» **What you should do**:
The reply should be an exact transcription of every record.

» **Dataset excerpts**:
============================================================

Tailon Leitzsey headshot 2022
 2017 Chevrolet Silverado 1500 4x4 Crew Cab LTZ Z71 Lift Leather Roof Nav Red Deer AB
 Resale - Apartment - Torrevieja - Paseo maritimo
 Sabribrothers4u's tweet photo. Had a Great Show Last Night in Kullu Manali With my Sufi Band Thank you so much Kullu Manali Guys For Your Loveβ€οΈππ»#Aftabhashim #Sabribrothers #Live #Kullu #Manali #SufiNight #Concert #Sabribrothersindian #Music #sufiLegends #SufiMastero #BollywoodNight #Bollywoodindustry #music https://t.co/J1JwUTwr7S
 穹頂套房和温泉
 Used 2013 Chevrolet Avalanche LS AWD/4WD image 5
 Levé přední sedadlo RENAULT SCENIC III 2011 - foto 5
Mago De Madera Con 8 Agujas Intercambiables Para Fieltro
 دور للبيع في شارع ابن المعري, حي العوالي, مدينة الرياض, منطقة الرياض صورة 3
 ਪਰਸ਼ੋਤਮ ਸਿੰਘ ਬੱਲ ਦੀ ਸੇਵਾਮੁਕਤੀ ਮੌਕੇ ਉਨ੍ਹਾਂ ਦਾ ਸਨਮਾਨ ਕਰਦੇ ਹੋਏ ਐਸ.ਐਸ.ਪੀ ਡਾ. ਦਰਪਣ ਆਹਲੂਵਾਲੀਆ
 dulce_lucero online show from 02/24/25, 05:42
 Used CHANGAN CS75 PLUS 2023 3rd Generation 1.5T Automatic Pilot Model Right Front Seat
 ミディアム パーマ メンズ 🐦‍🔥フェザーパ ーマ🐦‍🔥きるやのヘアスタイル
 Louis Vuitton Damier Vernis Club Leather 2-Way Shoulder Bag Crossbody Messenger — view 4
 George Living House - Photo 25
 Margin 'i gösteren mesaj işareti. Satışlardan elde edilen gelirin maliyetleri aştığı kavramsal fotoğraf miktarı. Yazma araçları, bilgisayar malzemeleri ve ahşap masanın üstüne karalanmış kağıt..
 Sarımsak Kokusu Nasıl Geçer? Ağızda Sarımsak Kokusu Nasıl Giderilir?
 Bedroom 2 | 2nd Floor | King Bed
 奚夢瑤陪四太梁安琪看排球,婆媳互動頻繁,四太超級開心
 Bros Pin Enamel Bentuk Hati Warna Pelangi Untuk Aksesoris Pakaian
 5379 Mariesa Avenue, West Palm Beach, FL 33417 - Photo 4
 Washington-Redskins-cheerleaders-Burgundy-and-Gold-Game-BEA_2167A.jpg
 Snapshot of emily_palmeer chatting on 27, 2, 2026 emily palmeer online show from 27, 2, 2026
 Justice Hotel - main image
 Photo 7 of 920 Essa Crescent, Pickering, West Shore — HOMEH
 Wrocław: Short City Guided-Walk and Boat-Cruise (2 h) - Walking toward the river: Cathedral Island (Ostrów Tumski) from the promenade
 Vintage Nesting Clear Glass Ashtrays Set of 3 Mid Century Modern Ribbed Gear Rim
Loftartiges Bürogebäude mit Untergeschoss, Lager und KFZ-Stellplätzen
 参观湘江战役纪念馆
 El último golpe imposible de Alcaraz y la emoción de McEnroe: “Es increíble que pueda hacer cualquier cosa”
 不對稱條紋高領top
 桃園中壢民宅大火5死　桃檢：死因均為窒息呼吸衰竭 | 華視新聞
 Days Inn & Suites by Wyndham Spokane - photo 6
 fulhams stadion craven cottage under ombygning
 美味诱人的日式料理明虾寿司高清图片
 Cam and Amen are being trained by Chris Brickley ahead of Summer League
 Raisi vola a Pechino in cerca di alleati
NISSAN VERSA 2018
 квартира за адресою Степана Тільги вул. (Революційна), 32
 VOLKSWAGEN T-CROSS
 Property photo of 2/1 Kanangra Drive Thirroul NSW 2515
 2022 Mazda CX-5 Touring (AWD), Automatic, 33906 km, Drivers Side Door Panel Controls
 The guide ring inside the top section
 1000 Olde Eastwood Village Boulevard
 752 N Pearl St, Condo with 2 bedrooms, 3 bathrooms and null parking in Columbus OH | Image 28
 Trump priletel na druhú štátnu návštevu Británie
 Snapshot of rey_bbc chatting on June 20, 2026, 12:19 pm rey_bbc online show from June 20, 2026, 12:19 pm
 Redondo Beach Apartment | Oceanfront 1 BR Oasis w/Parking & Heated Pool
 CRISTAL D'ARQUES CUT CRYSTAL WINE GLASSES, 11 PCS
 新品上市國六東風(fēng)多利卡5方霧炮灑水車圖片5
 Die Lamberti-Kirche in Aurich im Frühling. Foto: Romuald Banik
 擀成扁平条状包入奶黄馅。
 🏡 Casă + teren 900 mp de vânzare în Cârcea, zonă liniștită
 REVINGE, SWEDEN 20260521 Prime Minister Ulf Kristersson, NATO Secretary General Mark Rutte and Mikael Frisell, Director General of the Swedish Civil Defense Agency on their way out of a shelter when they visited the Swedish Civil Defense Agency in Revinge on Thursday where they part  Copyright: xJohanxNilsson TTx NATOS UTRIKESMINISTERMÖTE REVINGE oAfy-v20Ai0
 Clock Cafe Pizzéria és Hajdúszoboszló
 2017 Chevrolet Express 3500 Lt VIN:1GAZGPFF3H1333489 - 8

============================================================

» **Task solution**:
Tailon Leitzsey headshot 2022
 2017 Chevrolet Silverado 1500 4x4 Crew Cab LTZ Z71 Lift Leather Roof Nav Red Deer AB
 Resale - Apartment - Torrevieja - Paseo maritimo
 Sabribrothers4u's tweet photo. Had a Great Show Last Night in Kullu Manali With my Sufi Band Thank you so much Kullu Manali Guys For Your Loveβ€οΈππ»#Aftabhashim #Sabribrothers #Live #Kullu #Manali #SufiNight #Concert #Sabribrothersindian #Music #sufiLegends #SufiMastero #BollywoodNight #Bollywoodindustry #music https://t.co/J1JwUTwr7S
 穹頂套房和温泉
 Used 2013 Chevrolet Avalanche LS AWD/4WD image 5
 Levé přední sedadlo RENAULT SCENIC III 2011 - foto 5
Mago De Madera Con 8 Agujas Intercambiables Para Fieltro
 دور للبيع في شارع ابن المعري, حي العوالي, مدينة الرياض, منطقة الرياض صورة 3
 ਪਰਸ਼ੋਤਮ ਸਿੰਘ ਬੱਲ ਦੀ ਸੇਵਾਮੁਕਤੀ ਮੌਕੇ ਉਨ੍ਹਾਂ ਦਾ ਸਨਮਾਨ ਕਰਦੇ ਹੋਏ ਐਸ.ਐਸ.ਪੀ ਡਾ. ਦਰਪਣ ਆਹਲੂਵਾਲੀਆ
 dulce_lucero online show from 02/24/25, 05:42
 Used CHANGAN CS75 PLUS 2023 3rd Generation 1.5T Automatic Pilot Model Right Front Seat
 ミディアム パーマ メンズ 🐦‍🔥フェザーパ ーマ🐦‍🔥きるやのヘアスタイル
 Louis Vuitton Damier Vernis Club Leather 2-Way Shoulder Bag Crossbody Messenger — view 4
 George Living House - Photo 25
 Margin 'i gösteren mesaj işareti. Satışlardan elde edilen gelirin maliyetleri aştığı kavramsal fotoğraf miktarı. Yazma araçları, bilgisayar malzemeleri ve ahşap masanın üstüne karalanmış kağıt..
 Sarımsak Kokusu Nasıl Geçer? Ağızda Sarımsak Kokusu Nasıl Giderilir?
 Bedroom 2 | 2nd Floor | King Bed
 奚夢瑤陪四太梁安琪看排球,婆媳互動頻繁,四太超級開心
 Bros Pin Enamel Bentuk Hati Warna Pelangi Untuk Aksesoris Pakaian
 5379 Mariesa Avenue, West Palm Beach, FL 33417 - Photo 4
 Washington-Redskins-cheerleaders-Burgundy-and-Gold-Game-BEA_2167A.jpg
 Snapshot of emily_palmeer chatting on 27, 2, 2026 emily palmeer online show from 27, 2, 2026
 Justice Hotel - main image
 Photo 7 of 920 Essa Crescent, Pickering, West Shore — HOMEH
 Wrocław: Short City Guided-Walk and Boat-Cruise (2 h) - Walking toward the river: Cathedral Island (Ostrów Tumski) from the promenade
 Vintage Nesting Clear Glass Ashtrays Set of 3 Mid Century Modern Ribbed Gear Rim
Loftartiges Bürogebäude mit Untergeschoss, Lager und KFZ-Stellplätzen
 参观湘江战役纪念馆
 El último golpe imposible de Alcaraz y la emoción de McEnroe: “Es increíble que pueda hacer cualquier cosa”
 不對稱條紋高領top
 桃園中壢民宅大火5死　桃檢：死因均為窒息呼吸衰竭 | 華視新聞
 Days Inn & Suites by Wyndham Spokane - photo 6
 fulhams stadion craven cottage under ombygning
 美味诱人的日式料理明虾寿司高清图片
 Cam and Amen are being trained by Chris Brickley ahead of Summer League
 Raisi vola a Pechino in cerca di alleati
NISSAN VERSA 2018
 квартира за адресою Степана Тільги вул. (Революційна), 32
 VOLKSWAGEN T-CROSS
 Property photo of 2/1 Kanangra Drive Thirroul NSW 2515
 2022 Mazda CX-5 Touring (AWD), Automatic, 33906 km, Drivers Side Door Panel Controls
 The guide ring inside the top section
 1000 Olde Eastwood Village Boulevard
 752 N Pearl St, Condo with 2 bedrooms, 3 bathrooms and null parking in Columbus OH | Image 28
 Trump priletel na druhú štátnu návštevu Británie
 Snapshot of rey_bbc chatting on June 20, 2026, 12:19 pm rey_bbc online show from June 20, 2026, 12:19 pm
 Redondo Beach Apartment | Oceanfront 1 BR Oasis w/Parking & Heated Pool
 CRISTAL D'ARQUES CUT CRYSTAL WINE GLASSES, 11 PCS
 新品上市國六東風(fēng)多利卡5方霧炮灑水車圖片5
 Die Lamberti-Kirche in Aurich im Frühling. Foto: Romuald Banik
 擀成扁平条状包入奶黄馅。
 🏡 Casă + teren 900 mp de vânzare în Cârcea, zonă liniștită
 REVINGE, SWEDEN 20260521 Prime Minister Ulf Kristersson, NATO Secretary General Mark Rutte and Mikael Frisell, Director General of the Swedish Civil Defense Agency on their way out of a shelter when they visited the Swedish Civil Defense Agency in Revinge on Thursday where they part  Copyright: xJohanxNilsson TTx NATOS UTRIKESMINISTERMÖTE REVINGE oAfy-v20Ai0
 Clock Cafe Pizzéria és Hajdúszoboszló
 2017 Chevrolet Express 3500 Lt VIN:1GAZGPFF3H1333489 - 8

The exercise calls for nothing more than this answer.